Task goal: Read through the data, and wherever a line holds the word "Brown", write that line out.

[Scraped caption text data]
● ● ● ●
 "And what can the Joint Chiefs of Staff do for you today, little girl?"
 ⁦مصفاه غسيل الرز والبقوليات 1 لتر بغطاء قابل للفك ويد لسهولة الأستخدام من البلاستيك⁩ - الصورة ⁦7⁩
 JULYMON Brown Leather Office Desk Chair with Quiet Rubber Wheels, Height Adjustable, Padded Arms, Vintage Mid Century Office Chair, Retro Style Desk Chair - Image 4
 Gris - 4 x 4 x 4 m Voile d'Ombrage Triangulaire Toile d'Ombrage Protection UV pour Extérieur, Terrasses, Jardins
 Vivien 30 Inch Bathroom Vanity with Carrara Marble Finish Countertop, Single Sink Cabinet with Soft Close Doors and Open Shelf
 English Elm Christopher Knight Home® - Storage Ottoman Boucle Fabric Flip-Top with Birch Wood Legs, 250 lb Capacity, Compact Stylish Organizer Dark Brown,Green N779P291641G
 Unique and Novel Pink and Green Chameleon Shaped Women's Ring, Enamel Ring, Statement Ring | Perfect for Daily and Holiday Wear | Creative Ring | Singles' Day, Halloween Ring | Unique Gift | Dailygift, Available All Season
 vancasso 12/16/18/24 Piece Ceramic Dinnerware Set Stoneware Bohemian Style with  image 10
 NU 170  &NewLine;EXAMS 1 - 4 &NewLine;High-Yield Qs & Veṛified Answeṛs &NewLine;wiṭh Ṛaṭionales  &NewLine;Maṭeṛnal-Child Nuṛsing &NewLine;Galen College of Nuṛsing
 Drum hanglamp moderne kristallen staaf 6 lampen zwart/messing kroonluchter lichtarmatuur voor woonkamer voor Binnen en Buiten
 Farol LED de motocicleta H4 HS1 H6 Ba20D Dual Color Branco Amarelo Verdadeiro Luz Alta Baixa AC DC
● ● ● ●
Task response:
 JULYMON Brown Leather Office Desk Chair with Quiet Rubber Wheels, Height Adjustable, Padded Arms, Vintage Mid Century Office Chair, Retro Style Desk Chair - Image 4
 English Elm Christopher Knight Home® - Storage Ottoman Boucle Fabric Flip-Top with Birch Wood Legs, 250 lb Capacity, Compact Stylish Organizer Dark Brown,Green N779P291641G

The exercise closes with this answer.